What the task asks.
Among the entries below, retype exactly the lines starting with the one with "1 PC BOITE RANGEMENT" and going on through the one with "Thumbnail 5 Balenciaga", but not the pictures.

Material for this task.
# # # # # # #

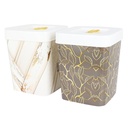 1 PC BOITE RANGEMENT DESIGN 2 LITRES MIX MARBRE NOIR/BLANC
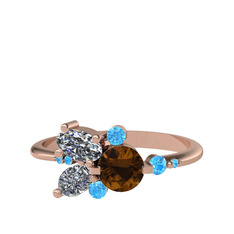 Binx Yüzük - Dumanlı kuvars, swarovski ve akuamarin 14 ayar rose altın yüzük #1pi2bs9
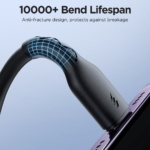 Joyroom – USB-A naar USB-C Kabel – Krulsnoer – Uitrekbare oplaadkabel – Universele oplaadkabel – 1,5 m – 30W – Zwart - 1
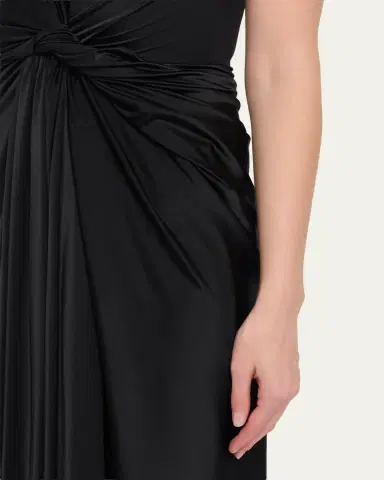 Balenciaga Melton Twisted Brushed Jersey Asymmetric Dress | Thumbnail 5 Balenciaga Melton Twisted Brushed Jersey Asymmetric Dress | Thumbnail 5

# # # # # # #

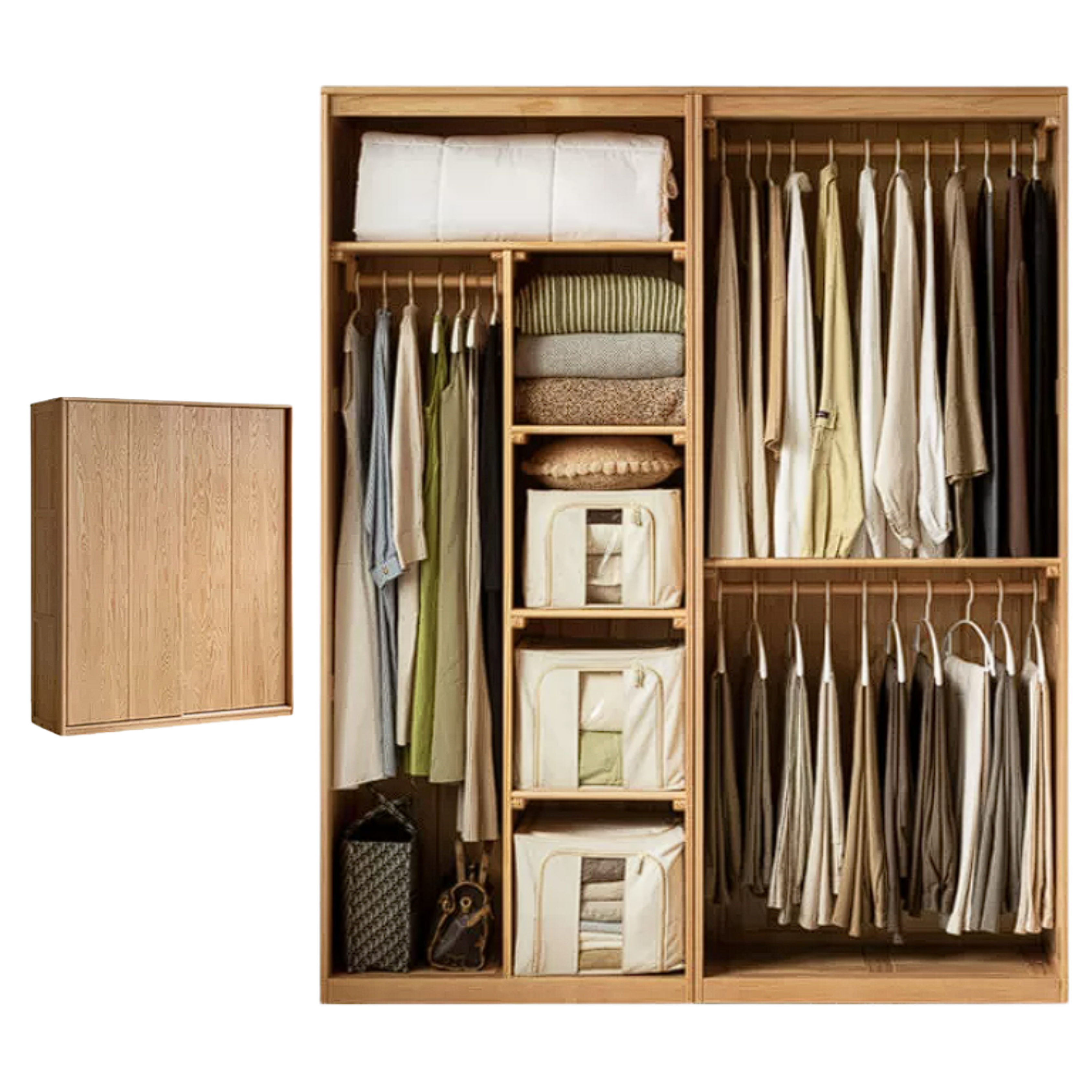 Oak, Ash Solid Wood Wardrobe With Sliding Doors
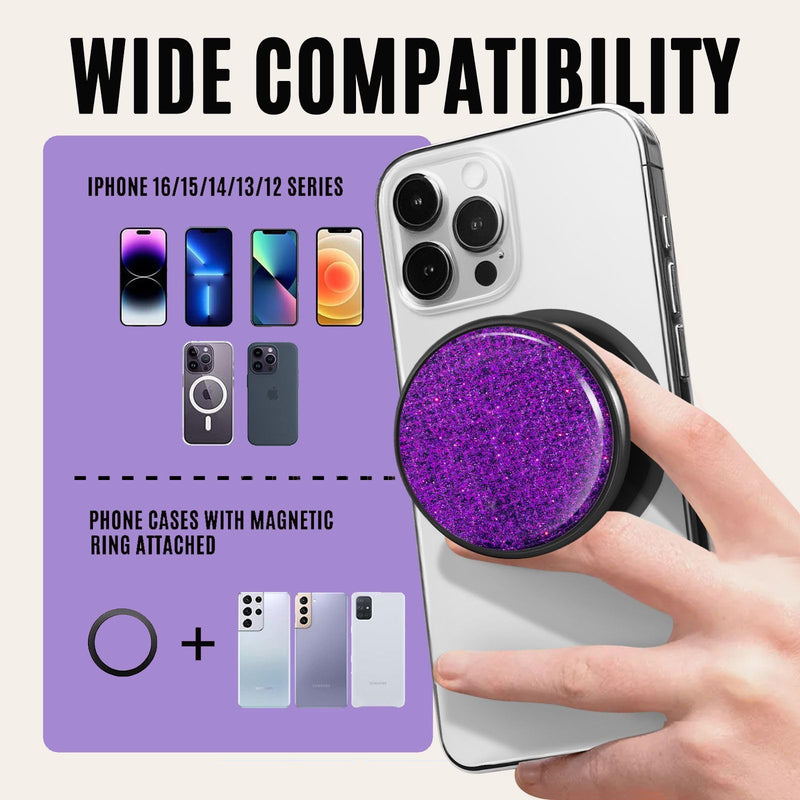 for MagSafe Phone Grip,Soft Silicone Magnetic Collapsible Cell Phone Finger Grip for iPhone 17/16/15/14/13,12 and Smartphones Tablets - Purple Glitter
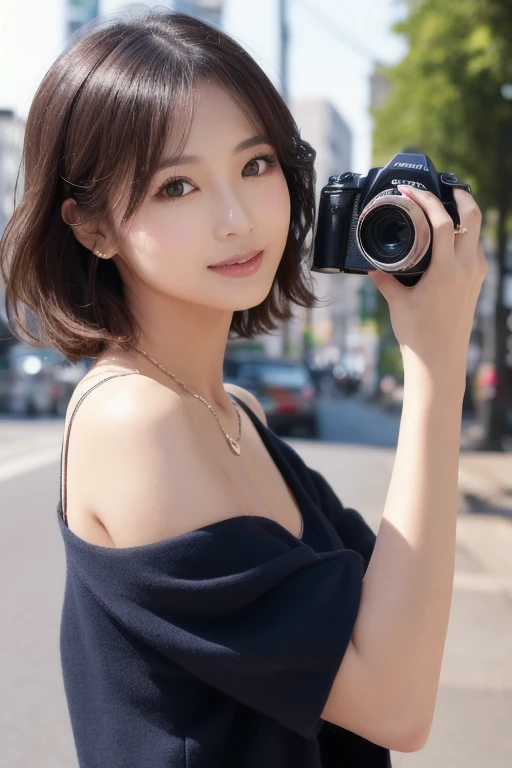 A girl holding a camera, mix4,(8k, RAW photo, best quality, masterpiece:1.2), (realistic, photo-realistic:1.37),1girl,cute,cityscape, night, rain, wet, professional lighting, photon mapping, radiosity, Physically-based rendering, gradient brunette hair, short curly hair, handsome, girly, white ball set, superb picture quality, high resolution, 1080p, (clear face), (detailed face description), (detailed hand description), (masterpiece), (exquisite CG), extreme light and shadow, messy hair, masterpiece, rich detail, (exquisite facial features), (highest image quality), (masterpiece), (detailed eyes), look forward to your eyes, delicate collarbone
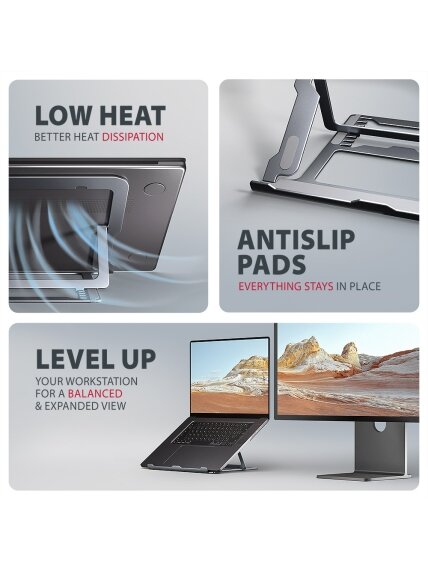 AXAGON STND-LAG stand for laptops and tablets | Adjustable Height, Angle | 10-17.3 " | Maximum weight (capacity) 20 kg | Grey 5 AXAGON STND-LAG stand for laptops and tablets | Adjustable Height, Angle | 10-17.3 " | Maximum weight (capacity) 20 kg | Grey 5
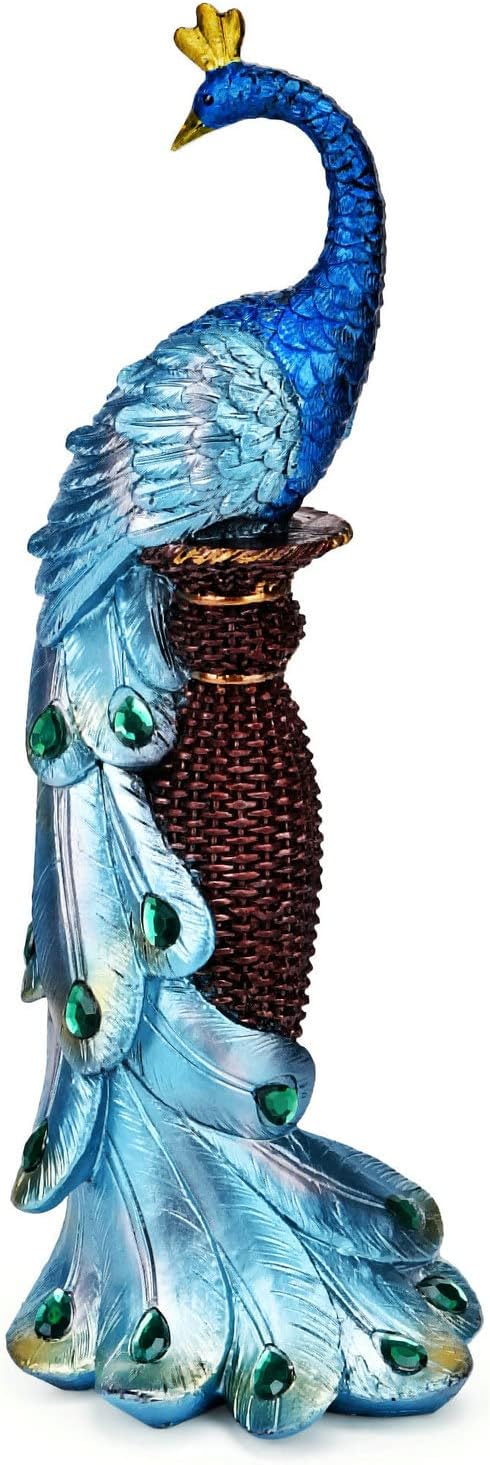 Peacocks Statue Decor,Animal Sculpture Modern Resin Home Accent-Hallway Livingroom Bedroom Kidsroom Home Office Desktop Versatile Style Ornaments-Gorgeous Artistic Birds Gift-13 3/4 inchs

# # # # # # #

Task solution.
 1 PC BOITE RANGEMENT DESIGN 2 LITRES MIX MARBRE NOIR/BLANC
 Binx Yüzük - Dumanlı kuvars, swarovski ve akuamarin 14 ayar rose altın yüzük #1pi2bs9
 Joyroom – USB-A naar USB-C Kabel – Krulsnoer – Uitrekbare oplaadkabel – Universele oplaadkabel – 1,5 m – 30W – Zwart - 1
 Balenciaga Melton Twisted Brushed Jersey Asymmetric Dress | Thumbnail 5 Balenciaga Melton Twisted Brushed Jersey Asymmetric Dress | Thumbnail 5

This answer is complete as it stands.